§ Supplied information

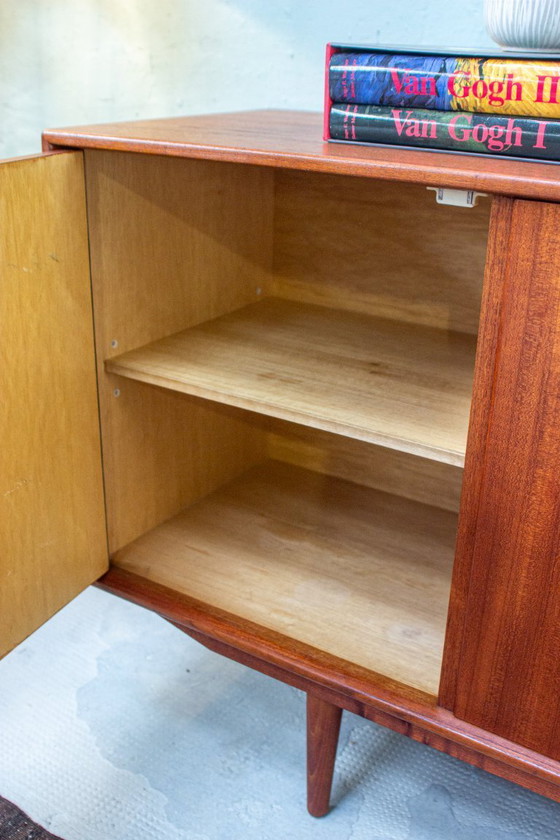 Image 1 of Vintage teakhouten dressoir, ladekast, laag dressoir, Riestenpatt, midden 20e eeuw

...

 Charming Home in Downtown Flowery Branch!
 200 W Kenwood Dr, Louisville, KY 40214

§ Exercise objective
Reproduce the lines above, beginning at the line with "Charming Home in Downtown Flowery Branch!" and stopping after the line with "200 W Kenwood Dr, Louisville, KY 40214", exactly as they are.

§ Response area
 Charming Home in Downtown Flowery Branch!
 200 W Kenwood Dr, Louisville, KY 40214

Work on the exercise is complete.